In this article, we list 10 face datasets that can be used to launch a face recognition project.
1 | Flickr – Faces – HQ data set (FFHQ)
The Flickr faces-HQ dataset (FFHQ) is a dataset of Faces that contains more variation in age, race, and image background than the Celeba-HQ dataset, and has a better coverage of accessories like glasses, sunglasses, hats, and so on.
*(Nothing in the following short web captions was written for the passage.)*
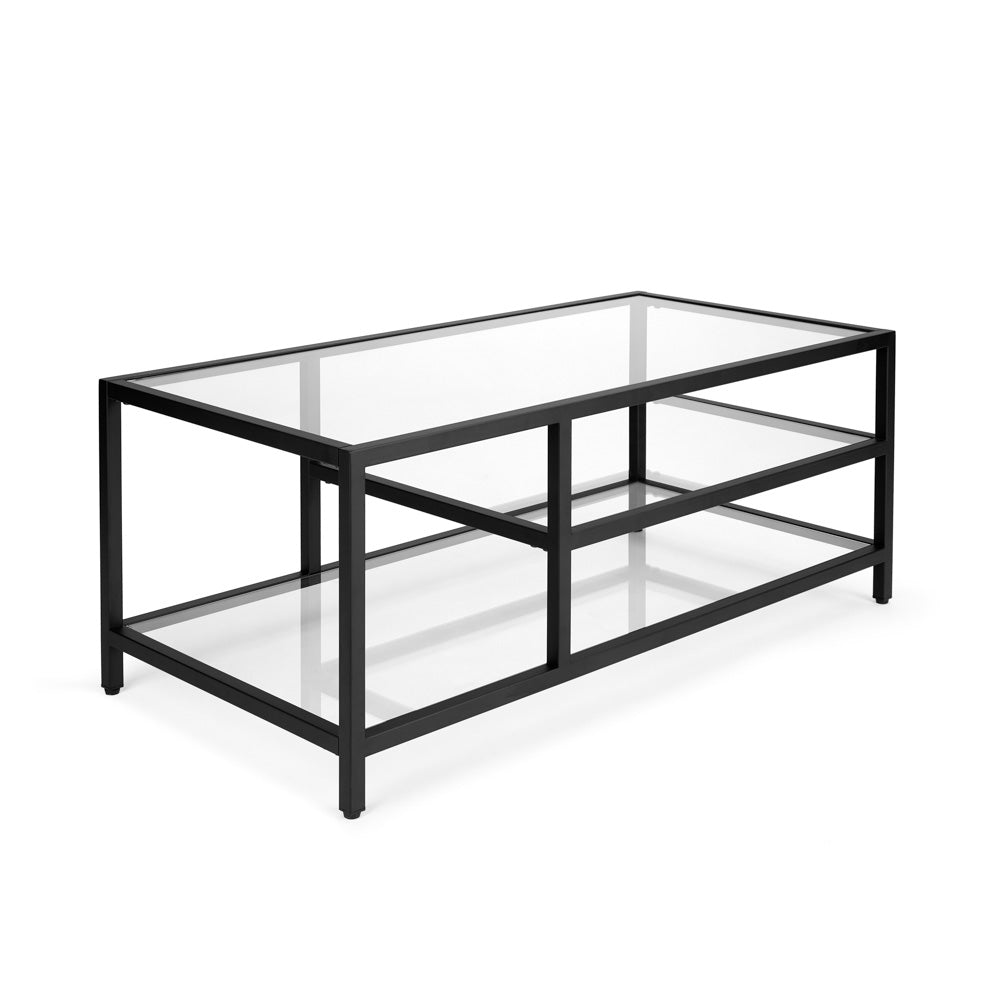 black glass coffee table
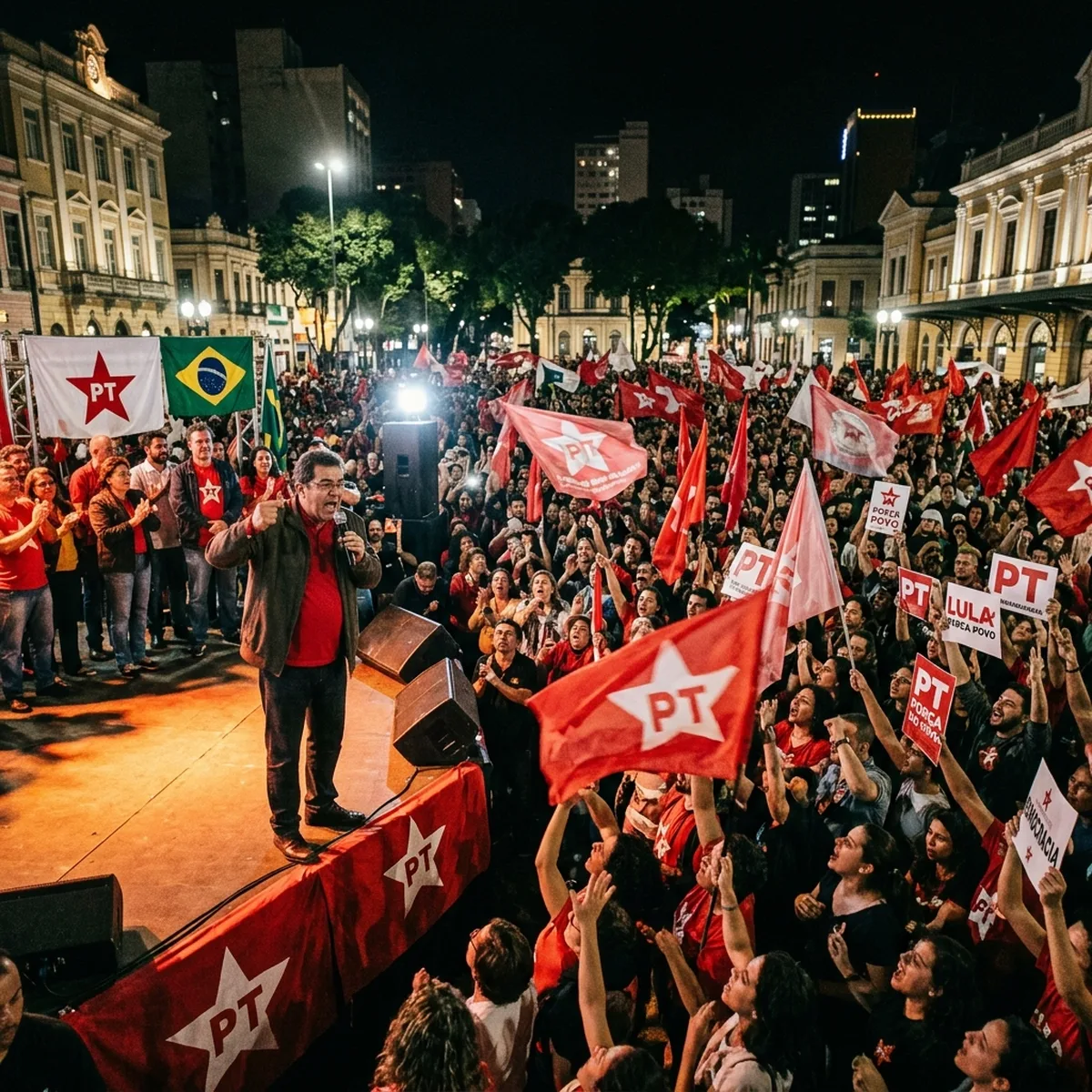 Edinho Silva vem a MS montar palanque do PT para eleições de 2026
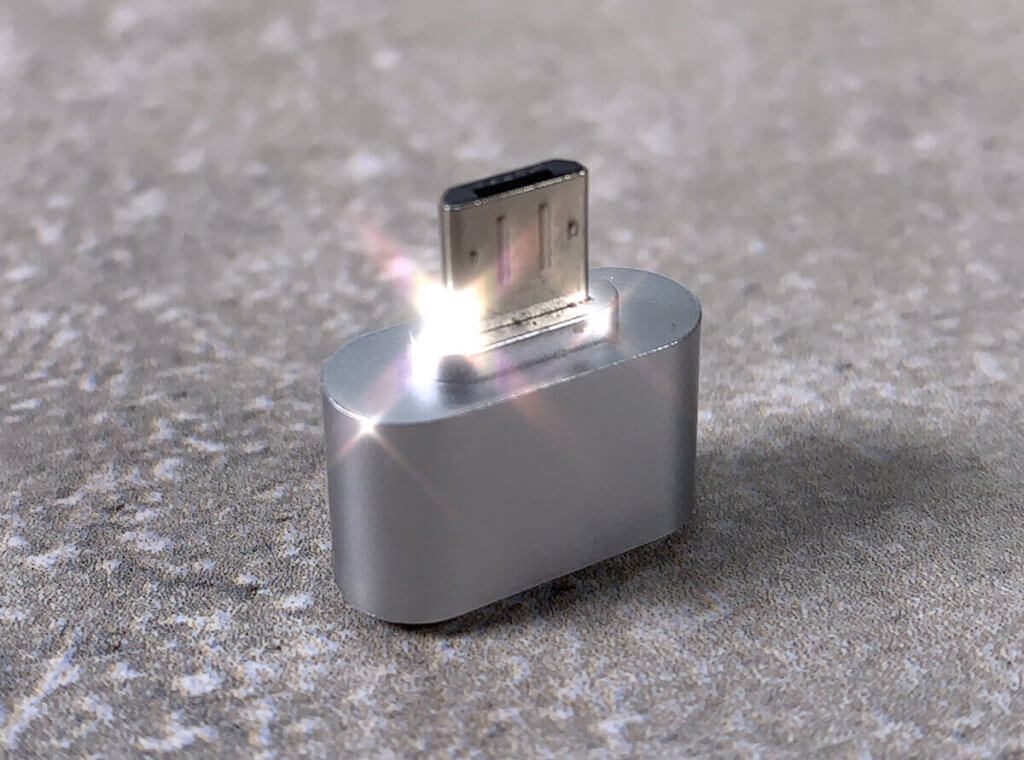 Mit etwas Funkeln sieht sogar ein Micro-USB-Adapter nach was aus…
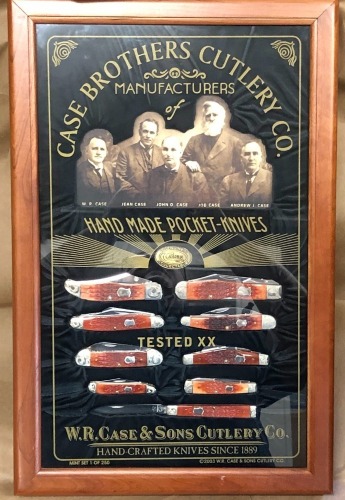 Case Brothers Cutlery Co Commemorative Chestnut Bone Mint Set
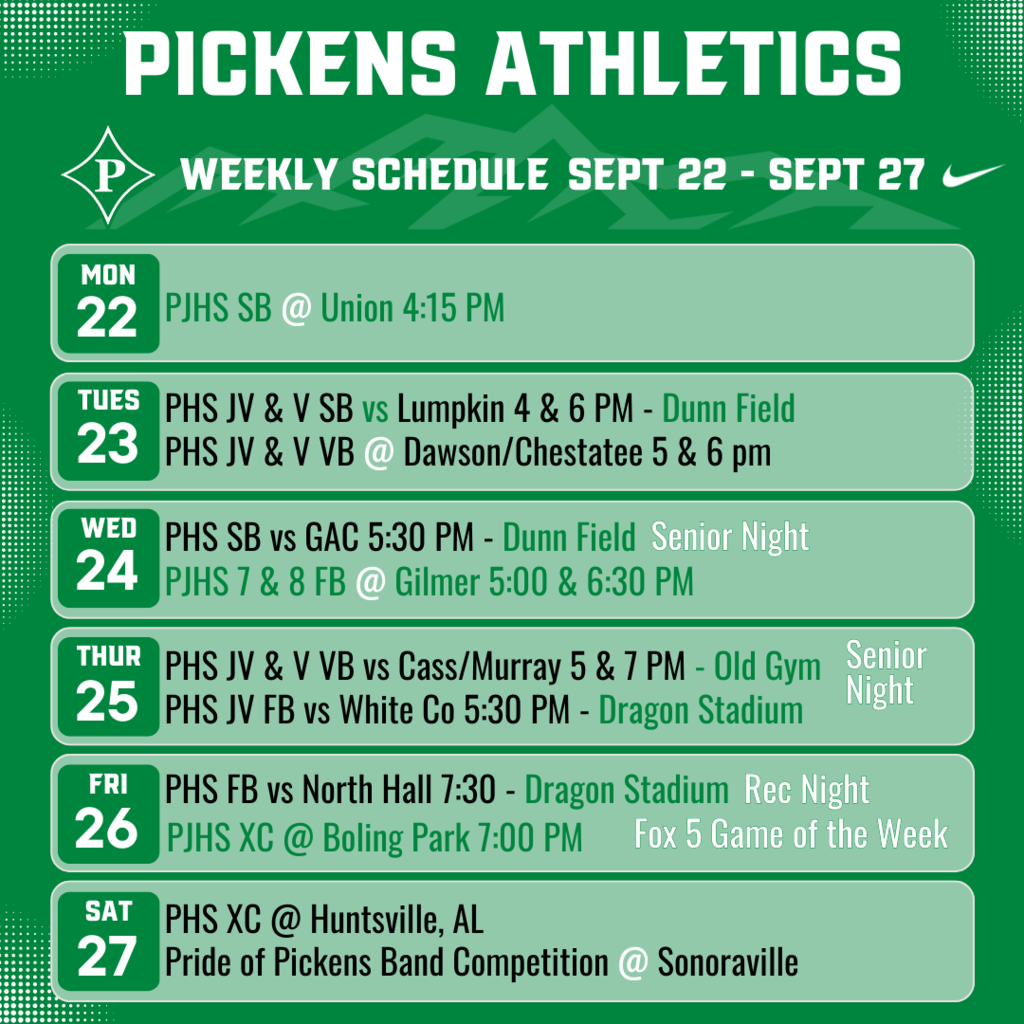Weekly Schedule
Images are captured from Flickr, then automatically aligned and cropped.
Size: The dataset consists of 70,000 high-quality PNG images at 1024×1024 resolution, and contains considerable variation in age, ethnicity, and image background.
Project: This dataset was originally created as a benchmark for generating adversarial networks (gans).
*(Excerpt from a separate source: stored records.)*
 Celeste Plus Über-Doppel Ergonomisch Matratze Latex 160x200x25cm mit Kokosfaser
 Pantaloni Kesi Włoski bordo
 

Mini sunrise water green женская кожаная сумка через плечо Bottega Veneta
2 | Tufts – Face Face database
The Tufts Face Database is the most comprehensive large-scale dataset of faces, containing seven image modes: visible light, near infrared, thermal, computer sketch, LYTRO, recorded video, and 3D images.
Size: The dataset contains more than 10,000 images, including 74 women and 38 men from more than 15 countries, ranging in age from 4 to 70.
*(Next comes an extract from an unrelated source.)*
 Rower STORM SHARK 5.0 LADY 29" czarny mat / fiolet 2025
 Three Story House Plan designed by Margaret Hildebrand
Project: The database can be used by researchers worldwide to benchmark facial recognition algorithms for sketch, heat, NIR, 3D face recognition and heterosexual face recognition.
3 | true and false face detection
The dataset contains expert-generated high-quality Photoshopped face images, where the images are composited from different faces, separated by eyes, nose, mouth or the whole face.
Size: Data set size is 215MB
Project: This data set can be used to distinguish between real and fake images.
4 | Google facial expressions compared data set
Google’s dataset is a large-scale facial expression dataset consisting of triples of face images and designated human annotations, with the two faces in each triplet forming the most similar pair in terms of facial expression.
Size: The dataset is 200MB in size and includes 500K triples and 156K face images.
Project: This dataset is designed to help researchers study topics related to facial expression analysis, such as emotion-based image retrieval, emotion-based album summaries, emotion classification, emotion-based synthesis, etc.
5 | face image with mark of punctuation
Face Images with Marked Landmark Points is a Kaggle data set used to predict the location of key Points on an image of a Face.
Size: The dataset is 497MP in size and contains 7049 face images and up to 15 key points marked on them.
Project: This data set can be used as a building block for applications such as tracking faces in images and videos, analyzing facial expressions, detecting signs of facial deformity for medical diagnosis and biometrics or facial recognition.
6 | tag wild homes (LFW) data set of facial
The Field Labeled Face (LFW) dataset is a face photo database designed to study unconstrained face recognition. Labeled Faces in the Wild is a common benchmark for face verification, also known as paired matching.
Size: The dataset is 173MB in size and contains more than 13,000 images of faces collected from the web.
Project: Data sets can be used for face verification and other forms of face recognition.
7 | UTKFace large-scale face data set
The UTKFace dataset is a large-scale dataset of faces with a wide range of ages, ranging from 0 to 116 years. The images cover huge variations in posture, facial expression, lighting, occlusion, resolution, and more.
Size: The dataset contains more than 20,000 images annotated with age, gender, and ethnicity.
Project: This dataset can be used for a variety of tasks, such as face detection, age estimation, age progression, age regression, landmark location, etc.
8 | YouTubeFaces with facial point data set
This Dataset is a processed version of the YouTube Faces Dataset and consists mainly of short celebrity videos that are publicly available and downloaded from YouTube. Each celebrity has multiple videos (up to six videos per celebrity).
Size: The dataset is 10GB in size and contains approximately 1293 videos, with a maximum of 240 consecutive frames per original video. There are 155,560 images in the entire single image frame.
Project: This dataset can be used to identify faces in unconstrained videos.
9 | mass CelebFaces properties (CelebA) data set
CelebFaces Attributes Dataset (CelebA) is a large-scale face attribute Dataset with over 200K celebrity images and 40 attribute annotations per image. The images in this dataset cover large postural changes and background clutter.
Size: The dataset size is 200K, including 10177 identities, 202599 personal face images, 5 landmark locations, and 40 binary attribute annotations per image.
Project: This data set can be used as a training and test set for computer vision tasks such as face attribute recognition, face detection, localization of landmarks (or parts of faces), and face editing and composition.
10 | Yale face database
The Yale Face Database contains 165 gray-scale giFs of 15 people. Each subject had 11 images, one for each different facial expression or configuration: center light, with glasses, happy, left light, without glasses, normal, right light, sad, sleepy, surprised, and blinking.
Size: The data set is 6.4MB in size and contains 5760 single-source images, each with 10 objects seen under 576 viewing conditions.
Project: Data set can be used for face recognition, doppelganger list comparison, etc.